Accurate detection of low-frequency variants utilizing next-generation sequencing (NGS) is of paramount importance in both biomedical research and clinical diagnosis. However, its analytical sensitivity is impeded by NGS's inherently high error rates. An efficient solution employs unique molecular identifiers (UMIs) to tag individual DNA molecules before amplification to mitigate NGS errors. Nevertheless, UMIs are prone to collisions and amplification- or sequencing-induced errors, leading to the inaccurate clustering of UMI-tagged data.

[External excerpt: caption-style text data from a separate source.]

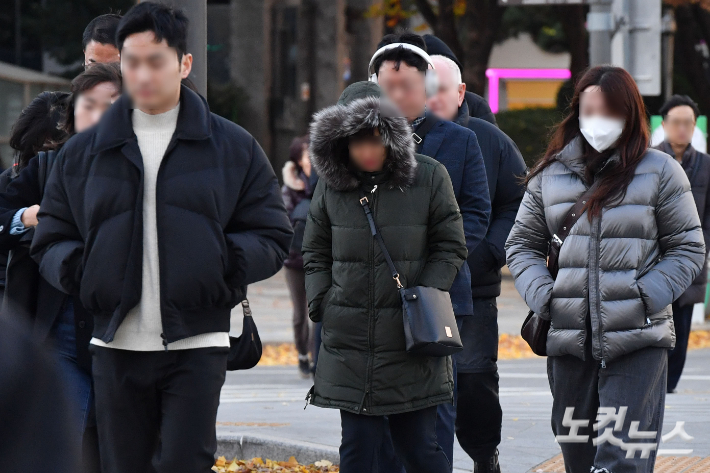 추위에 시민들이 발걸음을 재촉하고 있다. 류영주 기자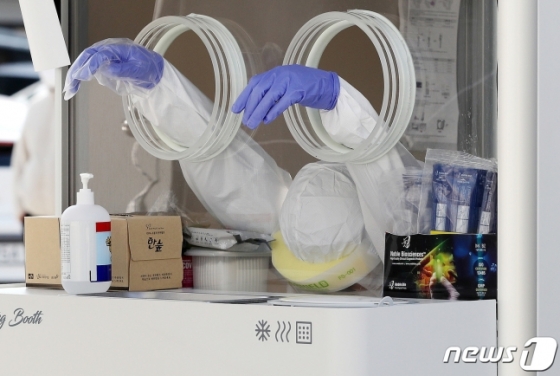 지난 3월 경기 동두천시 내 중앙도심공원 신종 코로나 바이러스 감염증(코로나19) 임시 선별 검사소에서 의료진이 지친 모습으로 잠시 휴식을 취하고 있다. /사진=뉴스1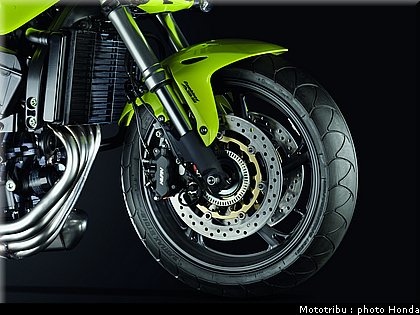 honda_600hornet_2009_0075.jpg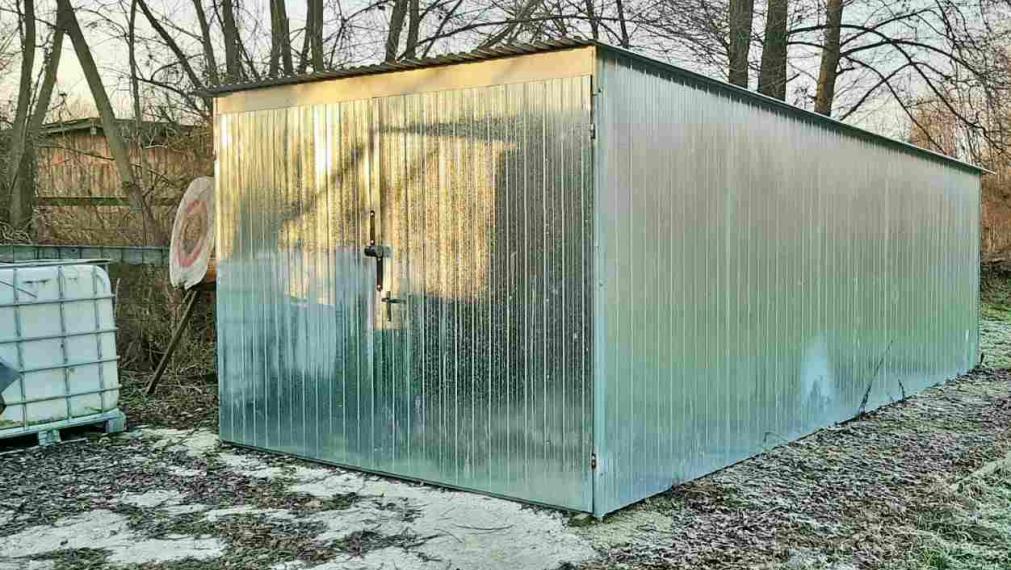 Zabehnutá Gastro prevádzka + budova pod hodnotou (196 000 €)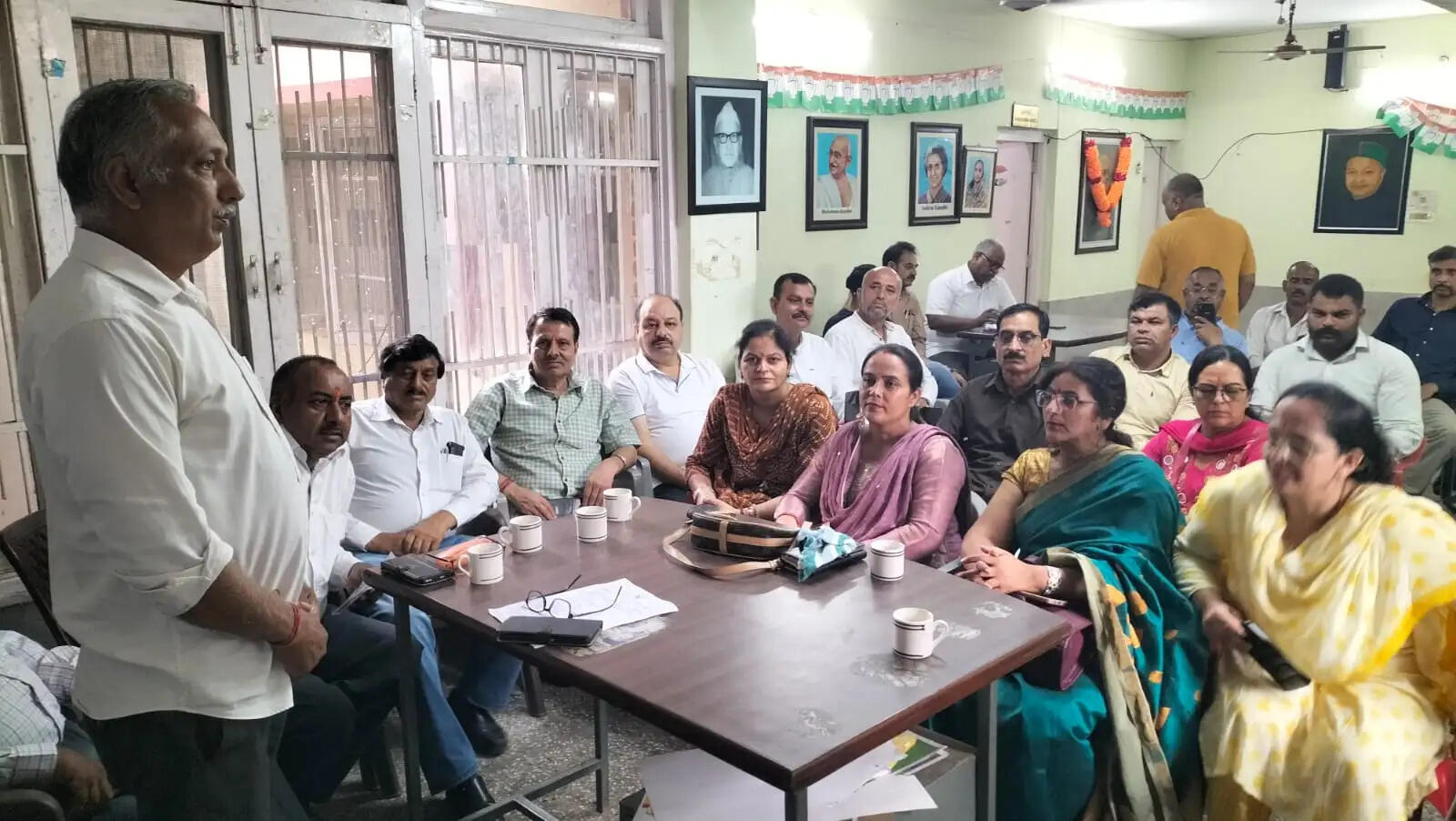 केन्द्र सरकार कर रही प्रदेश के साथ सौतेला व्यवहार : आनंद परमार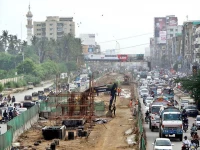 court grills officials over karachi master plan delay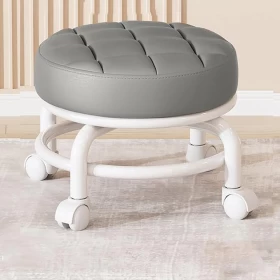 كرسي منخفض بعجلات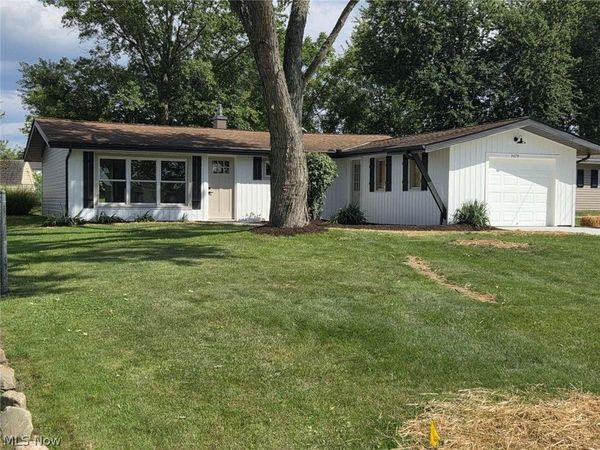 9079 N Plaza Drive , Northfield, OH 44067
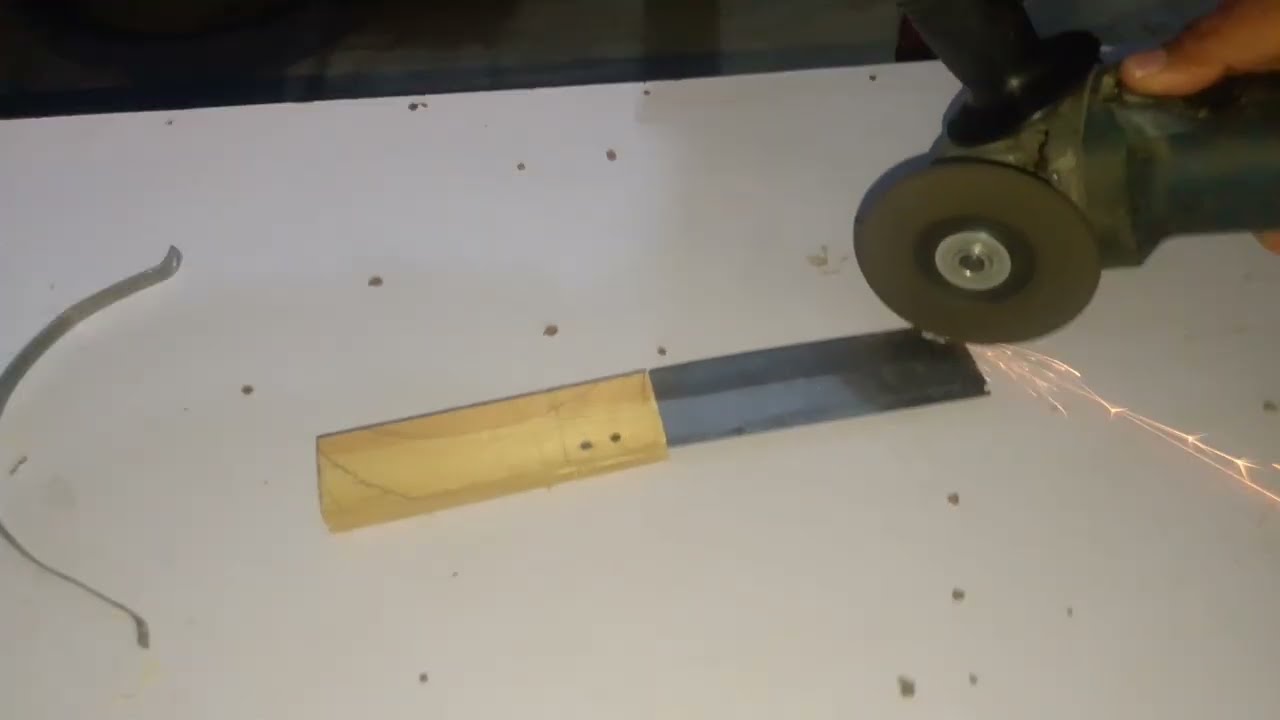 Don't throw Away your wood! I show you How to Make A Knife 
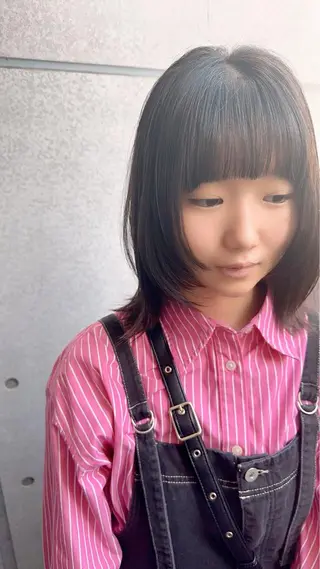 ミディアム カラー パーマ ヘアアレンジ メンズ キッズ ネイル マツエク・マツパ アイブロウ レイヤーカット／顔周 りカット/縮毛矯正のヘアスタイル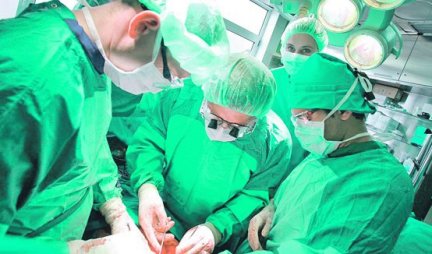 POZNATI SVETSKI STRUČNJAK IZ LONDONA OPERIŠE DECU U TIRŠOVOJ, urađene 3 operacije mališana  sa urođenim srčanim manama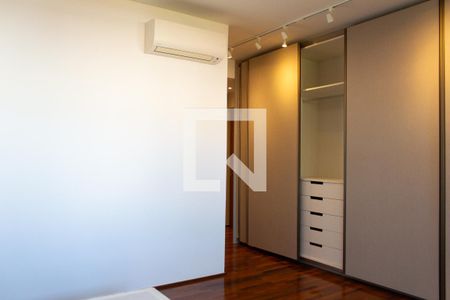 Suíte Master de casa de condomínio à venda com 5 quartos, 458m² em Jardim dos Estados, São Paulo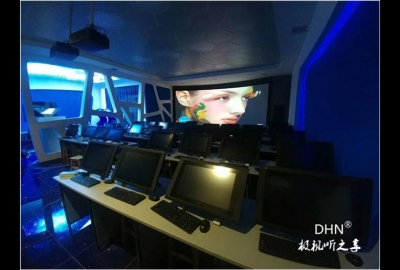 武汉软件工程技术学校电子实训室教学投影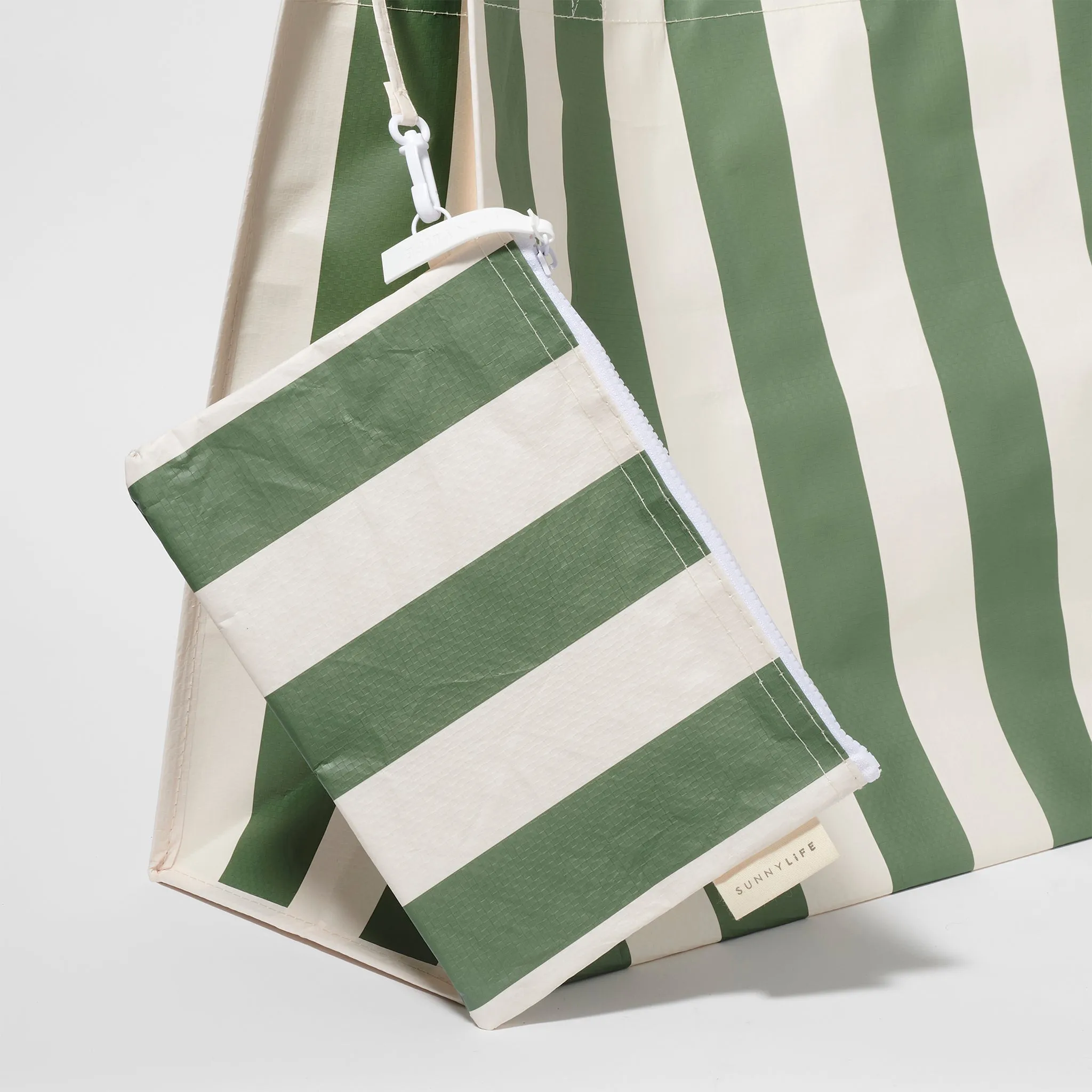 SUNNYLiFE Carryall Beach Bag The Vacay Olive Stripe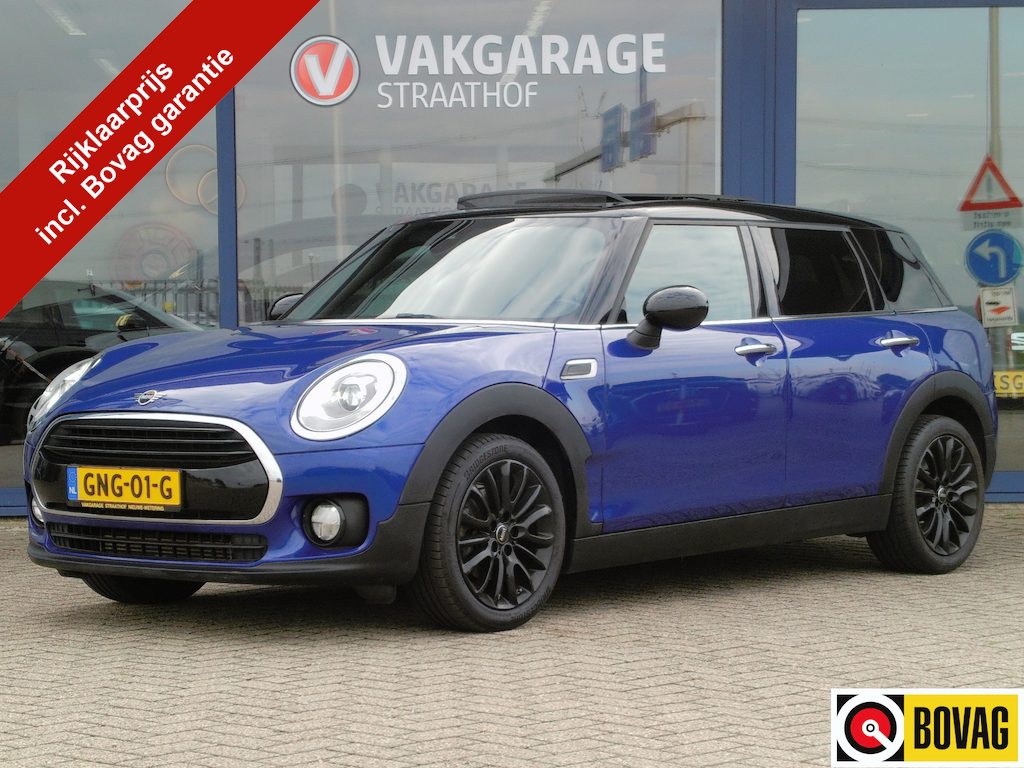 MINI Clubman 1.5 Cooper Chili, Automaat / Apple Carplay / Schuifdak / Stoelverwarming / Keyless / LED verlichting / Parkeersensoren / 17 '' LMV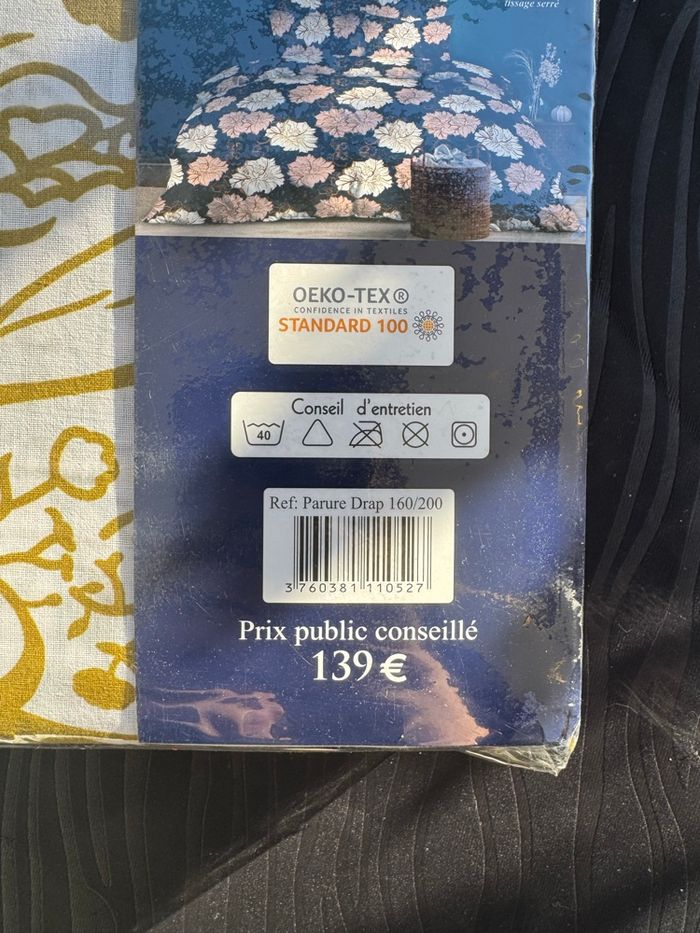 Parure de Lit 4 Pièces • 100% Coton • 160×200 • Drap Plat 240×300 • Taies 65×65 • Motif Floral Luxe - photo numéro 8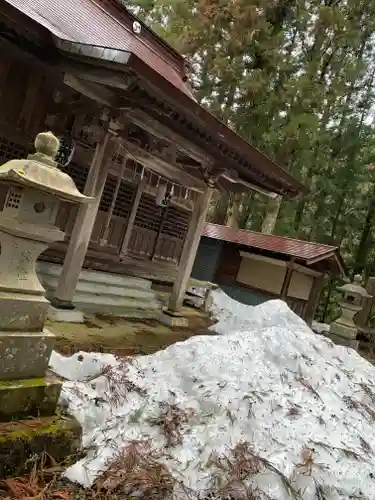湯野上温泉神社の本殿・本堂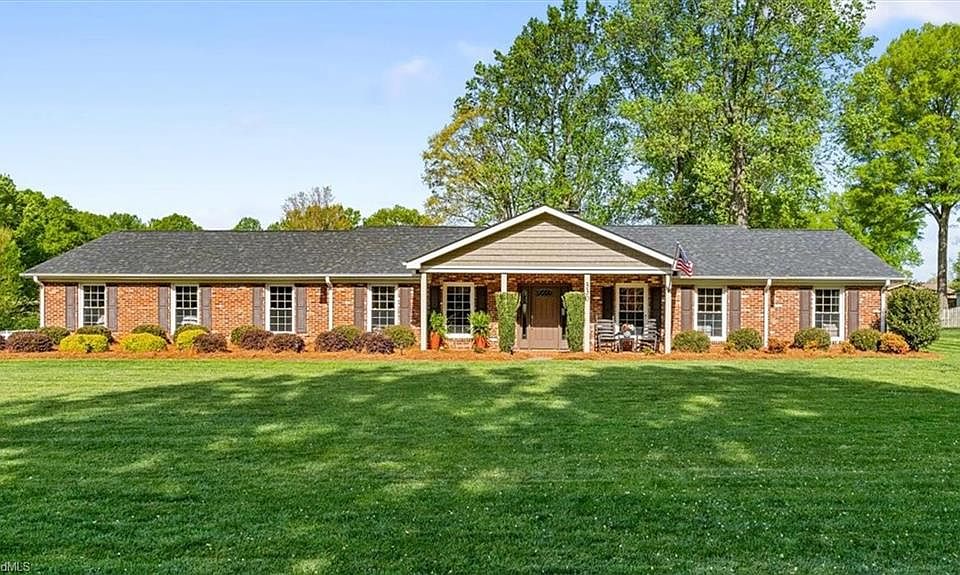 1st image of 330 Fielding Dr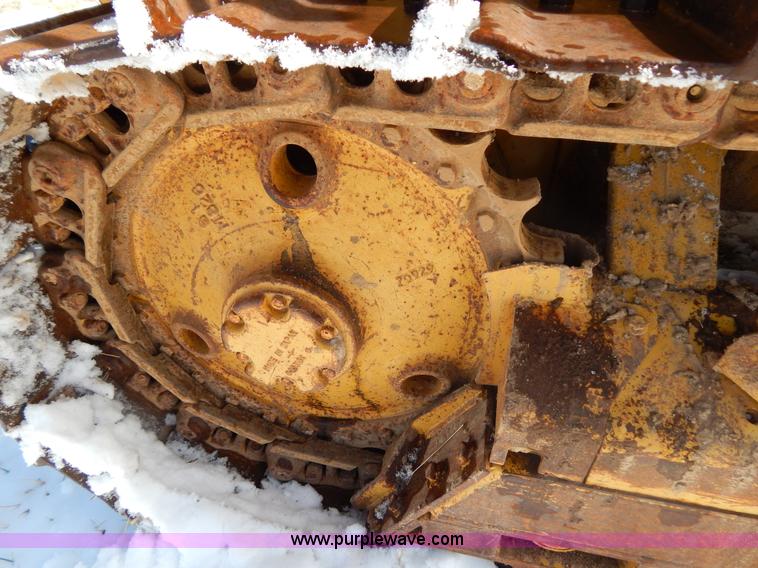 image for item I1159 1998 Caterpillar D3C dozer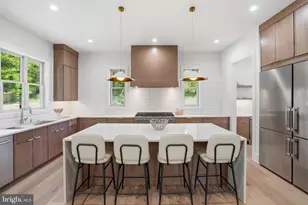 3020 Castle Rd, Falls Church, VA 22044 - Photo 4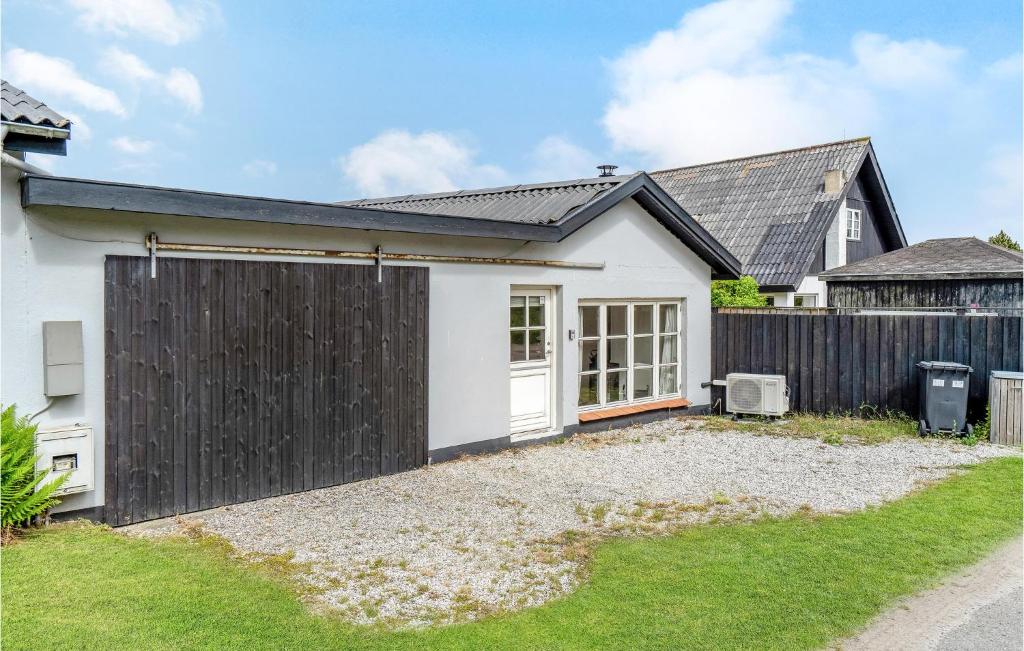 Gorgeous Apartment In Blokhus With Wifi, Blokhus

Multiple UMI clustering tools have been proposed to address these challenges; however, a systematic evaluation of their impact on low-frequency variant detection remains lacking. Here, we conducted a comprehensive benchmarking of eight UMI clustering tools-AmpUMI, Calib, CD-HIT, Du Novo, Rainbow, Starcode, UMICollapse, and UMI-Tools-utilizing simulated, reference, and sample datasets to evaluate their clustering efficiency, low-frequency variant detection accuracy, and computational performance. UMI utilization and read family counts are largely consistent across tools, while data loss differs markedly among clustering algorithms. The sensitivities of all tools, except AmpUMI, are influenced by both variant allele frequencies (VAFs) and sequencing depths. Conversely, the precisions and F1 scores of most tools-excluding AmpUMI, CD-HIT, and UMICollapse-exhibit a stronger dependence on sequencing depth as VAFs decreased. Furthermore, UMI clustering tools demonstrate a substantial reduction in false-positive (FP) calls across datasets. Concerning computational efficiency, AmpUMI achieves the fastest execution, Rainbow exhibits the lowest memory consumption, and Calib performs robustly in both aspects, particularly on small datasets. Overall, Calib exhibits the most balanced performance and is recommended for UMI clustering in low-frequency variant calling. These findings may provide valuable insights for improving variant detection and advancing the development of UMI clustering algorithms.